An alternative way of looking at this is to take advantage of f'(w), the gradient, evaluated at a particular w. A known property of the gradient is that if you take steps in the negative direction of the gradient, you will eventually reach a function's minima. If you take small steps in the positive direction of the gradient, you will reach a function's maxima (if it exists).

Exercise: Implement gradient functions by hand

Let's implement this using the function f(w), done using NumPy.

Firstly, implement the aforementioned function f below.

# Exercise: Write f(w) as a function.

def f(w):
    """Your answer here."""
    return None

from dl_workshop.answers import f

/home/runner/work/dl-workshop/dl-workshop/src/dl_workshop/ TqdmExperimentalWarning: Using `tqdm.autonotebook.tqdm` in notebook mode. Use `tqdm.tqdm` instead to force console mode (e.g. in jupyter console)
  from tqdm.autonotebook import tqdm
WARNING:absl:No GPU/TPU found, falling back to CPU. (Set TF_CPP_MIN_LOG_LEVEL=0 and rerun for more info.)


This function is the objective function that we wish to optimize, where "optimization" means finding the minima or maxima.

Now, implement the gradient function \frac{df}{dw} below in the function df:

# Exercise: Write df(w) as a function. 
def df(w):
    """Your answer here"""
    return None

from dl_workshop.answers import df

This function is the gradient of the objective w.r.t. the parameter of interest. It will help us find out the direction in which to change the parameter w in order to optimize the objective function.

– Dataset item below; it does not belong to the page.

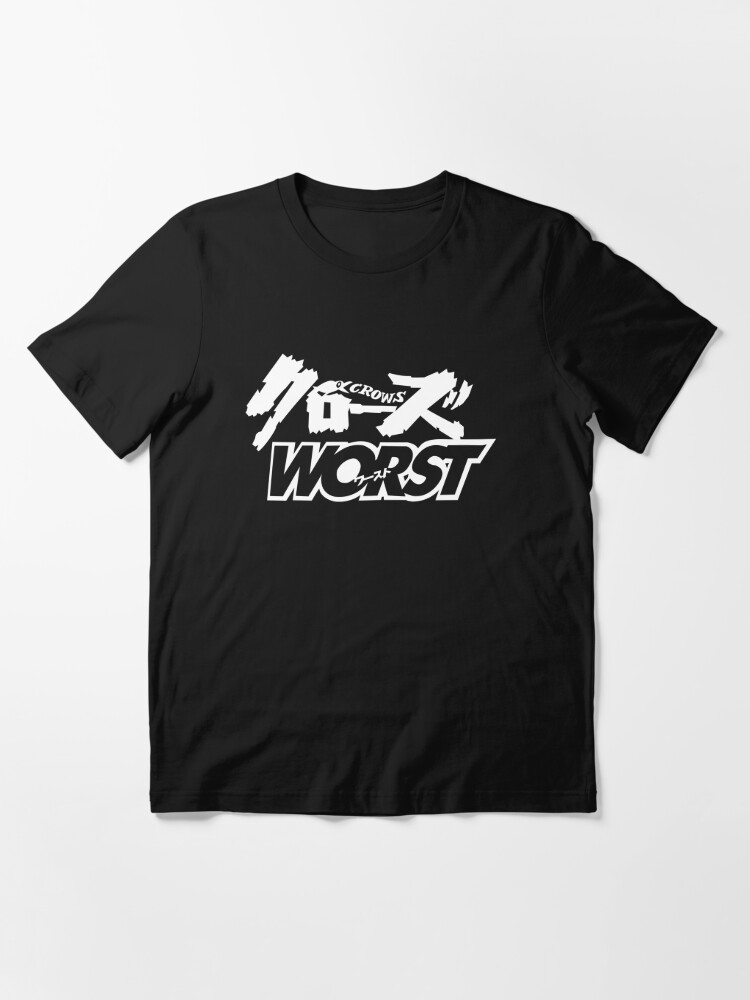 Crows x Worst J-Drama J-Movie T-Shirt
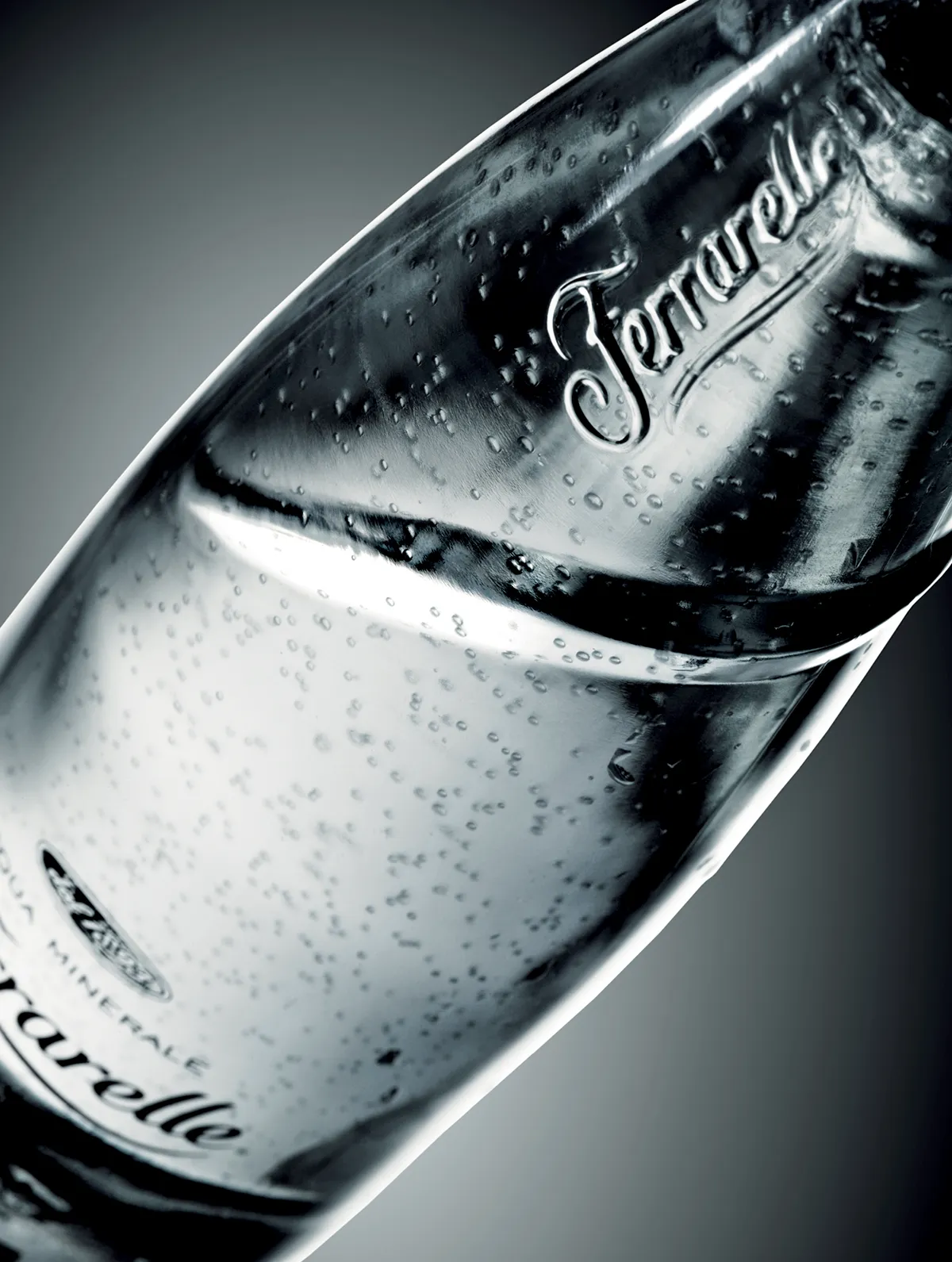 Ferrarelle - Iconic water. Design opens up new business scenarios. - By HDG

Now, pick a number at random to start with. You can specify a number explicitly, or use a random number generator to draw a number.

# Exercise: Pick a number to start w at.
w = 10.0  # start with a float

This gives us a starting point for optimization.

Finally, write an "optimization loop", in which you adjust the value of w in the negative direction of the gradient of f w.r.t. w (i.e. \frac{df}{dw}).

# Now, adjust the value of w 1000 times, taking small steps in the negative direction of the gradient.
for i in range(1000):
    w = w - df(w) * 0.01  # 0.01 is the size of the step taken.


Congratulations, you have just implemented gradient descent!

Gradient descent is an optimization routine: a way of programming a computer to do optimization for you so that you don't have to do it by hand.

Minimizing f(w) with jax

jax is a Python package for automatically computing gradients; it provides what is known as an "automatic differentiation" system on top of the NumPy API. This way, we do not have to specify the gradient function by hand-calculating it; rather, jax will know how to automatically take the derivative of a Python function w.r.t. the first argument, leveraging the chain rule to help calculate gradients. With jax, our example above is modified in only a slightly different way:

from jax import grad
import jax
from tqdm.autonotebook import tqdm

# This is what changes: we use autograd's `grad` function to automatically return a gradient function.
df = grad(f)

# Exercise: Pick a number to start w at.
w = -10.0

# Now, adjust the value of w 1000 times, taking small steps in the negative direction of the gradient.
for i in range(1000):
    w = w - df(w) * 0.01  # 0.01 is the size of the step taken.



In this section, we saw one way to program a computer to automatically leverage gradients to find the optima of a polynomial function. This builds our knowledge and intuition for the next section, in which we find the optimal point of a linear regression loss function.